Capacitors and Dielectric Oil: Calculating Electric Displacement and Field

[teme92]

Homework Statement

(a) Calculate the Electric displacement of parallel plate capacitor of with a thickness d (in z), and length L (in x), and a width W (in y). Within the capacitor is a dielectric oil with a dielectric constant –ε_r , and the charge on the plates is ± q.
(b) Using the definition of Electric displacement, what is the Electric field within the capacitor?
(c) Calculate the capacitance? (
d) If the capacitor is turned sideways so that the width W is vertical, while the length L and thickness d are horizontal, how much oil will remain within the capacitor? (provide either a volume or a length) Assume that the density of the dielectric oil is ρ . (Warning: your final solution may not be closed form and if so, need not be fully solved)

Homework Equations

The Attempt at a Solution

(a) Used Gauss' Law:

$\int D{\cdot}da = Q$ where $\int D{\cdot}da = 2DA$.

Therefore: $D = \frac{Q}{2A} = \frac{\sigma}{2}\hat{z}$

(b) D is proportional to electric field as dielectric material is linear:

$E = -\frac{\sigma}{2\epsilon_r}$

(c) Used the formula:

$C = \epsilon_r\epsilon_0\frac{A}{d}$

(d) Have no idea how to begin this part even.
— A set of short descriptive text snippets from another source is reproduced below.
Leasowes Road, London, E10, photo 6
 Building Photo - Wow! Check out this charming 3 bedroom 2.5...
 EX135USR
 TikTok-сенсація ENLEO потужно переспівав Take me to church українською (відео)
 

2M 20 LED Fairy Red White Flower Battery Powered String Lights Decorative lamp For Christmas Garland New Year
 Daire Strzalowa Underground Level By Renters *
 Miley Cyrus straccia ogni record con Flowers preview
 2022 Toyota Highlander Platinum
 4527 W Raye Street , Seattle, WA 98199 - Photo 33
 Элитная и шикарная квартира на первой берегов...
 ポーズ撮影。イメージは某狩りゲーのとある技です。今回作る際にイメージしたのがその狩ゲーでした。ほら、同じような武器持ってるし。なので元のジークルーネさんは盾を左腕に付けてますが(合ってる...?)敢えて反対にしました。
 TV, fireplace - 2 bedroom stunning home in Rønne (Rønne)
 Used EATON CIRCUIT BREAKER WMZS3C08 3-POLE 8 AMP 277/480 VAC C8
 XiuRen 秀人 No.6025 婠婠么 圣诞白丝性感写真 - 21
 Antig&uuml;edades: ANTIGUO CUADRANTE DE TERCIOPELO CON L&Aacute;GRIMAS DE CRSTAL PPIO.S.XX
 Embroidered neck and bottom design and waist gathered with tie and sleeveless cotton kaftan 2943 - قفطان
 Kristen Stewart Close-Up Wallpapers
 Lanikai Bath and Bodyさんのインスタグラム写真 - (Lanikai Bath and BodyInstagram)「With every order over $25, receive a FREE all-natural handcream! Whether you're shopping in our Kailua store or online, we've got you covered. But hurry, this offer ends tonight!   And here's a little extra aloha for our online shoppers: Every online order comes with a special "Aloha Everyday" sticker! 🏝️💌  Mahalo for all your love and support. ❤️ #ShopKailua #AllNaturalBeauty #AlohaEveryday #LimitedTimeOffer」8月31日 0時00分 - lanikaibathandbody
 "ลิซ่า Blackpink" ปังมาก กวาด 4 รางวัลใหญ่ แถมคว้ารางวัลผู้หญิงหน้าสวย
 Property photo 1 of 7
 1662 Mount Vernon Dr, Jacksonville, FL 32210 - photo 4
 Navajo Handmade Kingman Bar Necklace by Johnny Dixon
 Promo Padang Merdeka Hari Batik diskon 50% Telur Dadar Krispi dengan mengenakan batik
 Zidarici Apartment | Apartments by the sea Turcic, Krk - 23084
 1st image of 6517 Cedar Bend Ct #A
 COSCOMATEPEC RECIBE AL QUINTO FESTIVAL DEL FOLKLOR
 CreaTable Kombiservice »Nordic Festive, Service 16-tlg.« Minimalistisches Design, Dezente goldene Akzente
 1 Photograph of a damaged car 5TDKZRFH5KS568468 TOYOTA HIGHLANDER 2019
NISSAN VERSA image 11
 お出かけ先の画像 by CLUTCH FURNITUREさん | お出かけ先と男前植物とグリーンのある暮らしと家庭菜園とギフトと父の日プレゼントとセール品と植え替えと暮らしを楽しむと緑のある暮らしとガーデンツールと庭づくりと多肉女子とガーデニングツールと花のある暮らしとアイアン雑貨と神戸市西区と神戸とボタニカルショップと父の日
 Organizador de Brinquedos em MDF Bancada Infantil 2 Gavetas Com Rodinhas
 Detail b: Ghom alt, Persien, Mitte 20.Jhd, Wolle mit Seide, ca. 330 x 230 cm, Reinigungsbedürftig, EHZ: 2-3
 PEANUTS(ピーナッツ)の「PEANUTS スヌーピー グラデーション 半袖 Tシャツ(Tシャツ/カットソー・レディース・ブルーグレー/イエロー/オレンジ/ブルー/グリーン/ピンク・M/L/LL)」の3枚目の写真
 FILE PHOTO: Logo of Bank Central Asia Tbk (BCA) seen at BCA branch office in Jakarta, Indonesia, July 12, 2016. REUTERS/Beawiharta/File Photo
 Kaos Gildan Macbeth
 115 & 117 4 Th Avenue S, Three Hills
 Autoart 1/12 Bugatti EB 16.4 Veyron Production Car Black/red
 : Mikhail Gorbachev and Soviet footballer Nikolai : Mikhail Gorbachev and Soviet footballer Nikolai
Any help in the right direction would be greatly appreciated.

 

[mfb]

Therefore: $D = \frac{Q}{2A} = \frac{\sigma}{2}\hat{z}$

The middle part is a scalar, the right side is a vector, those cannot be equal.
I don't think it helps to introduce new variables here, especially if you don't give a definition of them.

(d): Oil will move down until the height reaches some value h. At this height, removing more oil from the bottom does not release energy any more as moving oil out of the electric field takes energy, so no more oil moves out. You can calculate this height h.
The problem statement could be a bit clearer here - if you would try this with a real capacitor various other effects will lead to completely different results. You have to put the capacitor on top of an oil bath to get the same result in a real experiment.

 

[teme92]

Ok thanks for the help, I'm working through and I'll get back to you if I need any more help.